News and views
Mixed US data and mixed equities resulted in muted moves in the other asset classes. The gloss from the US leading index was dulled by weaker house prices and a modest bounce in jobless claims. The S&P500 slipped at the open, but is steadily recovering as we write to be up 0.5%, positive earnings surprises continuing (AT&T, McDonald’s and Travelers were notable last night). The previous session’s weak US equities close produced an outside day reversal signal, and we watch for confirmation or denial of that sign. US treasury yields likely rose on supply, a record $123 billion announced for next week. Moody’s said the US’s Aaa rating was at risk if it didn’t reduce its record $1.4 trillion (to Sep-09) deficit. One downgrade did occur – Greece from A to A- by Fitch, the increased budget deficit cited.
Currencies mostly remained within recent ranges. EUR congested between 1.4944 and 1.5014 until an hour ago, when it broke to 1.5025 on the S&P500’s recovery. The twoweek old GBP rally stalled at the high of 1.6637. JPY continued to weaken against the dollar, reaching a month low at 91.71. BoC’s Monetary Policy Report Carney noted the strong currency would check inflation and economic growth, and Governor Carney said intervention is always an option, but CAD was unfazed ranging between 1.0450 and 1.0550.
AUD ran out of steam, having over-expected the Chinese data, retreating to 0.9200 support for much of the evening, before bouncing this morning to 0.9270.
NZD was a similar story, its support level being 0.7500, and the bounce just touching 0.7585. AUD/NZD was stuck in a tight 1.2215 to 1.2260 range.
US initial jobless claims rose 11k to 531k last week (ended 17/10) and the prior week’s fall was revised from 10k to 4k. A downtrend in claims is till in place but it has slowed a little recently. In contrast, the continuing claims downtrend has steepened, with a 98k fall in the week ended 10/10, though we caution that a factor at play there could be claimants running out of benefit and so dropping out of the count.
US leading index rose 1.0% in Sep. That is the sixth straight rise in the index (and the fourth of 1% or higher), providing further confirmation that policy stimulus is impacting positively on those variables that traditionally lead the economy higher (such as the yield curve and the stock market, which together have explained about 75% of the rise in the leading index in the past two months).

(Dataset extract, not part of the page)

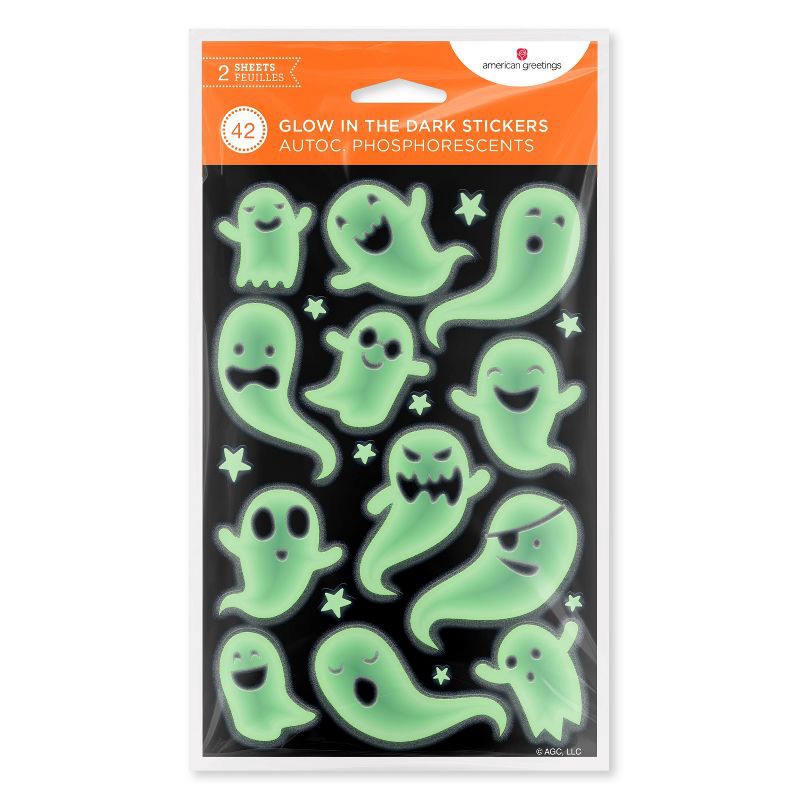 slide 4 of 4, American Greetings 42ct Halloween Glow in the Dark Stickers Ghost, 42 ct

US house prices down 0.3% in Aug, according to the FHFA (government) index. That’s the first fall after three monthly gains, and another somewhat softer indicator from the housing market, adding to the sense that the sector might be losing some of its recent upward momentum.

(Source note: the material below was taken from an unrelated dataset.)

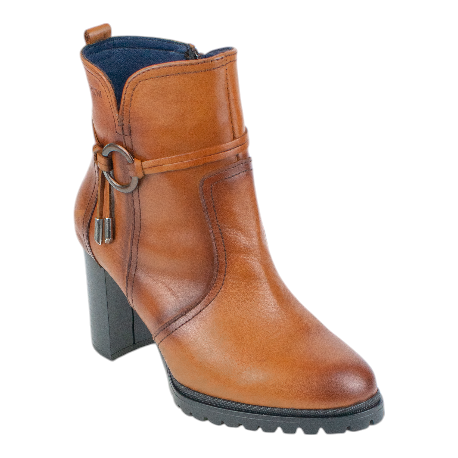 Botin de piel marron y tacon Baerchi modelo 40400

Japan trade surplus narrows to ¥58.6bn in Sep from a revised ¥173.5bn in Aug. Exports fell 0.8%mth but this still saw the annual pace improve to -30.7%yr from -36.0%yr in Aug. Imports rose 1.9%mth lifting the annual decline in imports up to -36.7%yr from -41.3%yr.

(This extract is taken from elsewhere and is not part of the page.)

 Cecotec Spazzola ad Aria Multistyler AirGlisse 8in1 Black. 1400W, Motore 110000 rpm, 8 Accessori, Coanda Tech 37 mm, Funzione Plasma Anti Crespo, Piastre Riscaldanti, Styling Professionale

European business confidence stronger in Oct, according to reports out of France and Belgium. More national reports are due later this week (eg. Ifo in Germany). The Euroland current account slipped back into deficit (€1.3bn) in Aug after a temporary return to surplus in July.
UK retail sales flat in Sep, in contrast to upbeat private sector surveys of the retail sector. Food and clothing sales weakened and household goods were lacklustre for the second month running. Still on the UK, BoE deputy governor Paul Tucker said that further expansion of the Bank’s quantitative easing asset purchase program was “possible if necessary”.
Bank of Canada reiterates that the stronger currency will hold inflation down and be an ongoing drag on economic growth in its latest monetary policy report. BoC Governor Carney at his press conference said “intervention is always an option”. On the data front, retail sales rose 0.8% in Aug, with auto sales and higher gasoline prices the main driving factors.
Outlook
AUD/USD and NZD/USD outlook today: We’d be tactically neutral today, given the momentum indicators suggest the currencies need a rest and yesterday’s strong reversal signal for the S&P500 has not been neutralised.